Exercise description: Look through the listing below for the line with "The Fidelity Covington Trust" and the line with "Pros and Cons". Copy both, along with every line between them, exactly and with no pictures.

Task input:
--- START ---

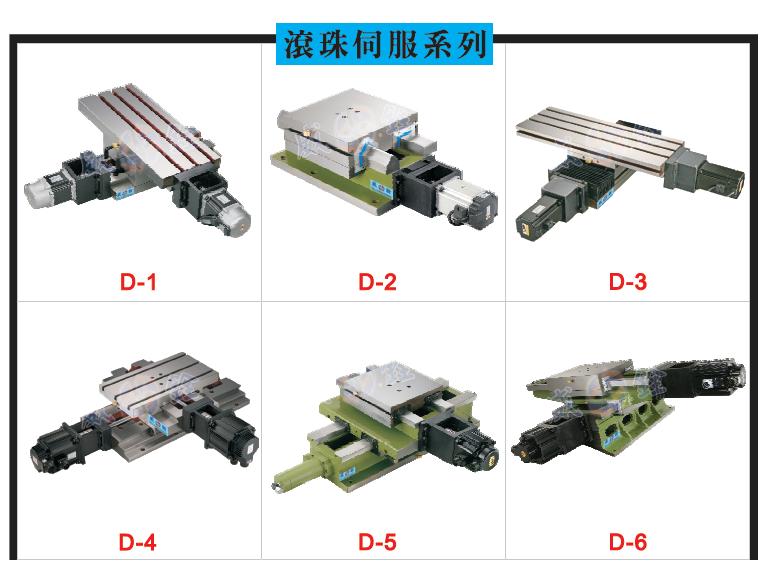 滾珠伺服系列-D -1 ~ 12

--- END ---
--- START ---

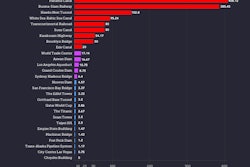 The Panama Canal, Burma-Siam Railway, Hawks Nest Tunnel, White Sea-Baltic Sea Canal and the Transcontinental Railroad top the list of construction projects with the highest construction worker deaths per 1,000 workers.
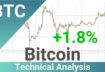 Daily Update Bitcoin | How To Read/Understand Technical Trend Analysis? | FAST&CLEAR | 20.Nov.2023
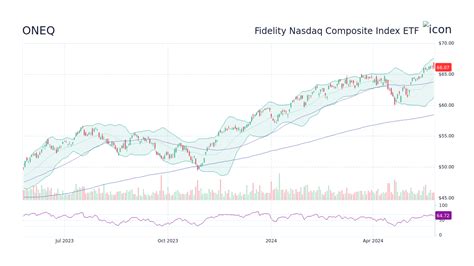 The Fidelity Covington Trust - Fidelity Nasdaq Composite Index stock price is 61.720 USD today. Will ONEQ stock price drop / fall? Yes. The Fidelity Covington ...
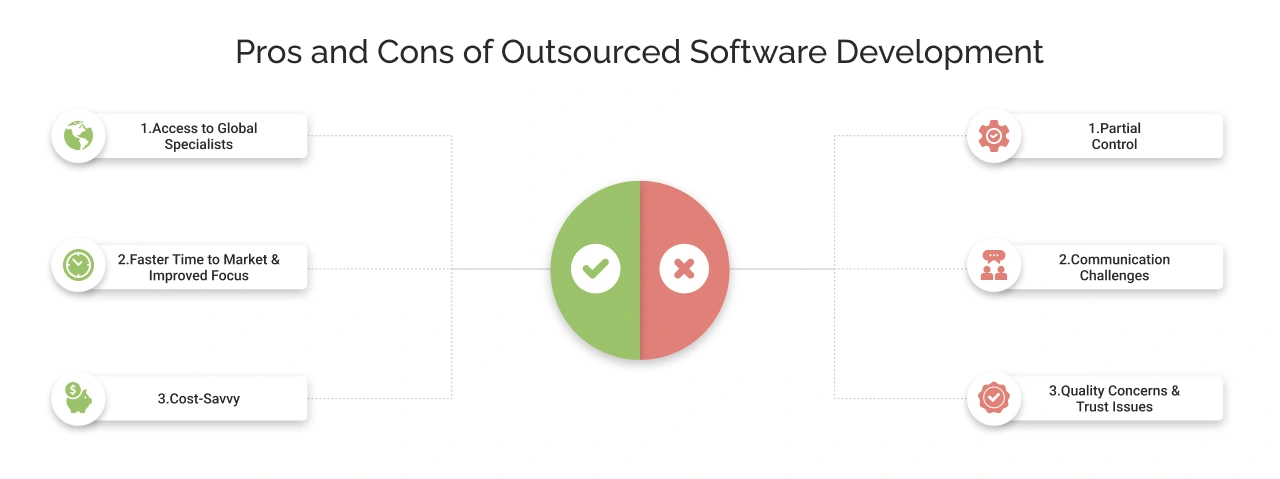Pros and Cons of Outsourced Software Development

--- END ---

Final answer:
 The Fidelity Covington Trust - Fidelity Nasdaq Composite Index stock price is 61.720 USD today. Will ONEQ stock price drop / fall? Yes. The Fidelity Covington ...
Pros and Cons of Outsourced Software Development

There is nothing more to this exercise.